I completely agree that the methods that I outlined address the tactical scale only. It’s how a single ship can attempt to execute the task given to it by fleet command. How fleet command orchestrates and prosecutes a sector-wide defense is another matter entirely.


@admin
: Let’s try a fleet-wide broadcast during a sim for ship orders and see if that gets too complicated during combat?


@davisn456
: I don’t remember what the Viper was doing during the training sim but Phoenix wasn’t having trouble retaining tango on the bulk of the fleets approaching the stations they were guarding. This includes defending multiple stations against fleets coming from largely the same direction or a single station against fleets approaching from multiple vectors. How much time did you spend out of engagement range/5km? I know you can lose tango if the enemy fleet spends too long chasing you when you are too far away or if it’s only a comms soft tango.

By the same token, I tried to outline multiple ways of getting tango because I’ve noticed that occasionally delta-1 passes don’t work. And if delta-1 passes don’t work, then a single homing missile won’t work. That’s usually when I load and launch an EMP (I favor EMPs rather than nukes because you usually carry more of them). I also don’t know how well mines actually work for this tactic.
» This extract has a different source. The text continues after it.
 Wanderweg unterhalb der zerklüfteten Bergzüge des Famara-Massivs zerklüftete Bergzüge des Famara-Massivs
It is certainly possible that if you lay a mine, then the damage reads as coming from the mine rather than from your ship so you don’t get tango from the ships as they try to obtain retribution.

And if you’ve tried all of this and nothing works then either someone else has tango most likely or they have scripted orders from the GM or are otherwise a little haywire with their AI and you just have to kill them.
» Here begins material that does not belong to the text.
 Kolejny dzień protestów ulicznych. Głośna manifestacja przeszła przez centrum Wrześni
Of the two stations that survived the sim, Phoenix was originally assigned to defend both. The other two stations Phoenix participated in the defense of were destroyed but they were destroyed after Phoenix was given orders to disengage from her current activities and defend another station or support a different ship. The data derived from the sim suggests that what Phoenix was doing did in fact work and that Phoenix appropriately defended her stations absent outside orders.
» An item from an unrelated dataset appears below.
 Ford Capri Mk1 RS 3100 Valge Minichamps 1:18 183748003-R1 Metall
I don’t say this to brag or make this a “Phoenix vs. 4LD” feature. I say this because the entire point of what I outlined was that once you seize control then your time isn’t limited by how long it will take an enemy fleet to close on a defensive target. This doesn’t require an ideal circumstance, because it doesn’t need mine fields or black holes. It doesn’t even need asteroids to cut down the swarm of drones you’re going to be dragging. If you need to help cut down that swarm, then power impulse to increase the amount of time you can stay in full reverse without getting struck by drones and beams to help you shoot them down faster. When that time runs out, you kick into warp and pull away. You target support vessels and destroy them when you can so you thin out enemy fleets to something you can meaningfully approach and delta-2.

I’d also say that gaining control of enemy fleets in the sim we ran as soon as possible was critical, rather than simply conceding some bases. That lets enemy fleets group up, making it hard to obtain tango from their constituent battlegroups and harder to focus down and destroy once you decide to and you’ve run out of ordinance. If we had a smaller number of ships, only two or maybe three then I’d completely agree. Concede what you have to and keep the other bases protected by an active defense as outline rather than a static picket. But we had nearly the full fleet, and we didn’t have any other time limiting or environmental factor in that sim pressuring us to destroy fleets and secure bases at a pace faster than we were inclined to so if we’d have cared we could have lured them into the corners of the sector if we’d wanted. That was the most ideal circumstance in the sim, that we didn’t have anything pushing us to go any faster. I read your comments as somewhat dismissive of my outline, either as theoretical, ideal, or luck-based, and since this is my default approach to defending a target in Artemis I’d put that it most certainly works, even outside of ideal circumstances though it is admittedly enhanced by environmental hazards.